Recognizing the Grimke Brothers; Kin to Famed Abolitionist Sisters
A Charleston tour guide shares the story of the Grimke brothers, nephews of Sarah and Angelina Grimke.
Long-time Charleston tour guide Lee Ann Bain takes a stroll off her beaten path near Morris and Coming Streets downtown. She points to the place a new, historical marker will soon go up in what was once a free, Black community.
During the 1800s, the neighborhood was worlds away from where Bain now gives a tour about the famed Grimke sisters on East Bay Street.
Sarah and Angelina Grimke grew up wealthy in a slave holding family. But they were so appalled by what they saw the sisters eventually moved North and became some of the first white, female abolitionists.
“It’s an amazing story of its own,” says Bain. “But when I build in the brothers and their relationship, people’s eyes are like, ‘wow I never knew that’.”
While researching the sisters, Bain found Grimke brothers. They were Sarah and Angelina’s nephews, born to their brother Henry.
Born to a Slaveholder
Bain says Henry was also wealthy with a wife and three children. The family was cared for by a slave named Nancy Weston.
When Henry’s wife gets sick and dies, the kids are sent to boarding school. Henry heads to his plantation outside the city and has a relationship with Nancy. Together they have three sons. Since Nancy is Henry’s property they cannot marry.
“It’s against the law but she pretty much acts like his wife,” says Bain. “She runs the plantation. She keeps Henry in line.”
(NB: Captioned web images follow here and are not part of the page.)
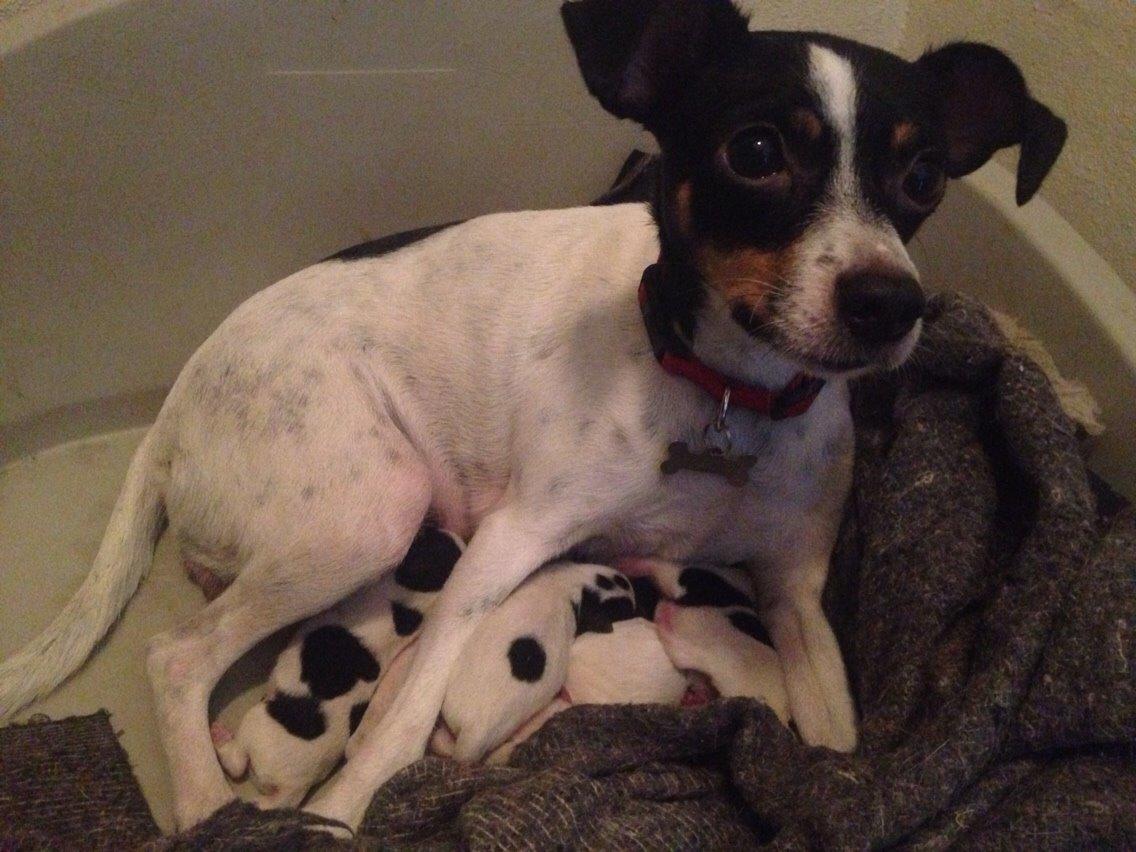 Dansk svensk gaardhund Bella billede 18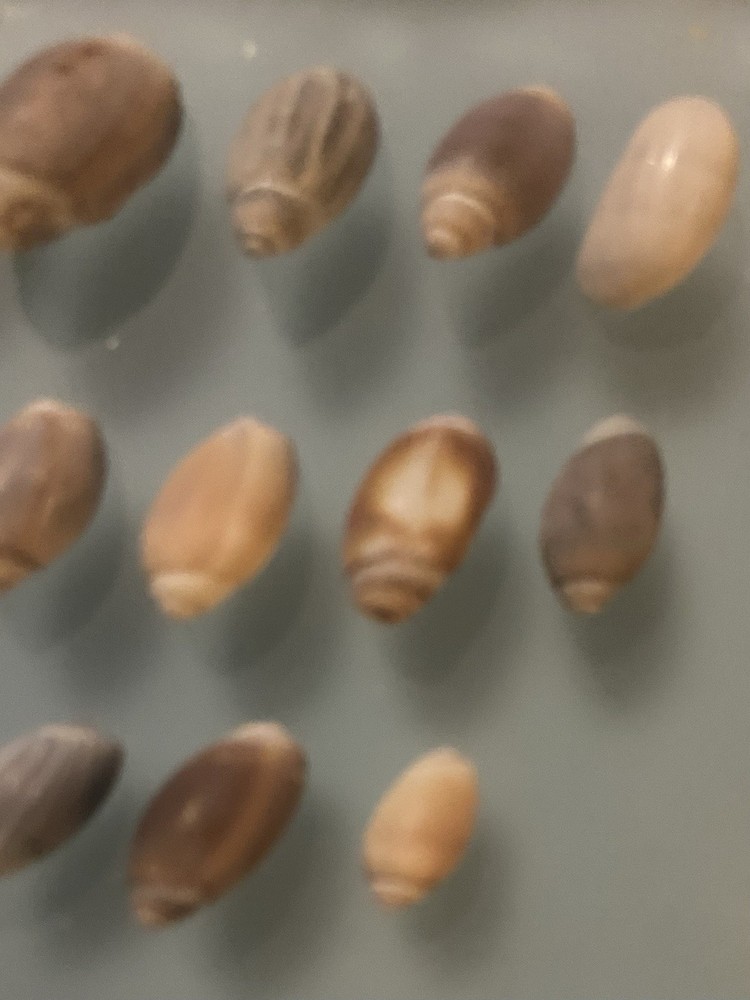 Lot Of 13 Tiny Olive Shells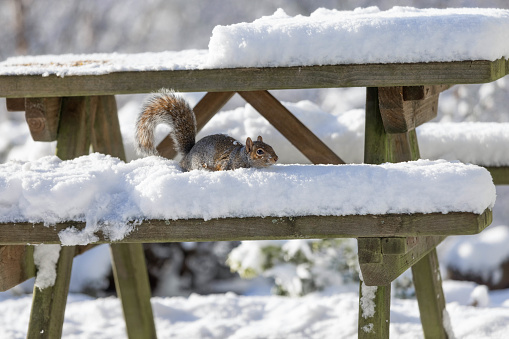 A sunny image of a grey squirrel in the snow on a picnic table.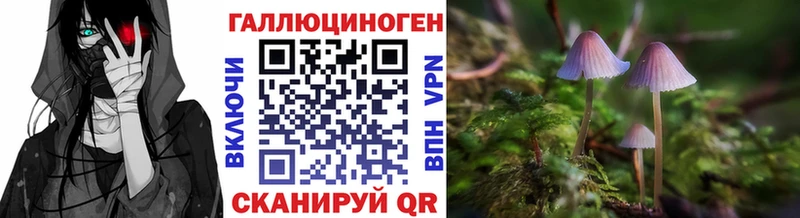 Галлюциногенные грибы Psilocybe  Находка 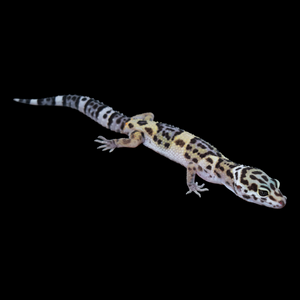 Leopard Gecko (Mack Snow 66% Het Tremper 66% Het Eclipse) 123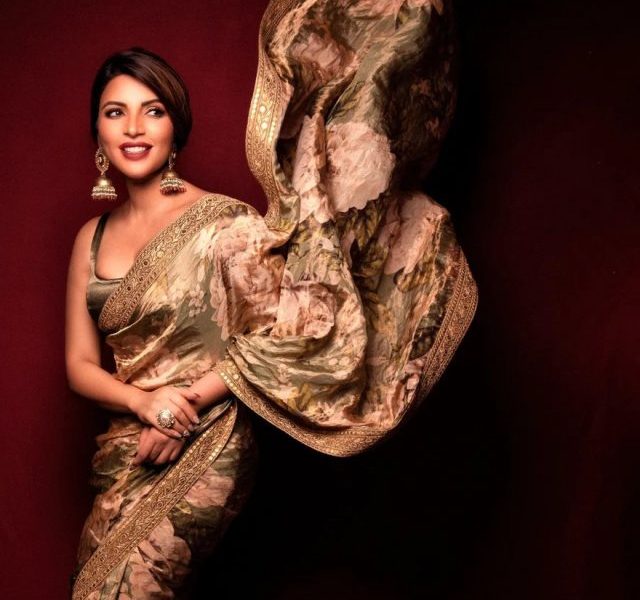 Bold and seductive saree looks: Shama Sikander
Henry eventually falls ill and realizes he has a dilemma. Legally, he cannot free Nancy and their boys. So, he reaches out to a son from his wife who died.
“That’s when he calls Montague in and says, ‘I need to will Nancy and your half-brothers to you’,” says Bain. “He’s kind of like, ‘half-brothers what?’”
Free Not Free
Montague knew Nancy but he had no clue about her relationship with his father much less siblings.
He abides by his Henry’s wishes for a while to treat the new-found family well. Nancy and the boys are moved to a home in the Morris Street community where some free, black people reside. But they receive little else.
Then, Montague remarries and decides his new wife needs a wedding present.
“So, he thinks about it a lot,” says Bain. “’Oh, I have a couple of half- brothers’, meaning he requires them to come and work at his house waiting on he and his wife.”
Nancy is angry. The boys, Archibald, Francis and John are now tweens and often run away. But Montague firmly reminds them there is nothing they can do about it; they are slaves.
“He finally says, ‘You know ‘mam you seem to forget who owns who here’ and he puts her in the workhouse in solitary confinement.”
Bain says Nancy nearly dies during the punishment. Her sons are repeatedly beaten, even sold.
But after the Civil War is over and the family is free, Nancy makes sure the boys get an education. They attend the first public school for African Americans in Charleston, the Morris Street School now known as Simonton. Then, they head off to college at Lincoln University outside Philadelphia.
The Long-Lost Sisters
It’s now 1868 and Bain says Angelina Grimke is reading an abolitionist newspaper when the name Archibald Grimke catches her eye.
“She starts scratching her head,” says Bain. “Grimke is kind of an unusual name. You know my sister and I lived in Philadelphia and we’re about the only Grimke that we knew.”
Angelina quickly writes the school the brothers attend.
“The boys immediately write back and say, ‘Dear ‘mams we know who you are. We’re you’re nephews. We’re your brother Henry’s sons.’”
The men, once Grimke property, are welcomed like family. The sisters support their continuing education at Harvard and Princeton Universities.
A Legacy of their Own
John goes his own way eventually moving to Florida. But the other brothers go on to play a prominent role in fighting for civil rights.
Archibald helps found the NAACP and serves as its National Vice President as well as its branch president in Washington, D.C. Francis becomes an ordained minister and is considered one of the leading African American clergy at the time. He was a founding NAACP member as well.
“They are the next generation that fights for Blacks,” says Bain.
Bain believes people need to know the Grimke brothers’ story; how they rose from a dark and complicated past in a neighborhood for free, Black people where they were still enslaved.
The historical marker Bain fought for and helped fund will soon go up at the site of the Grimke brother’s family home on Coming Street.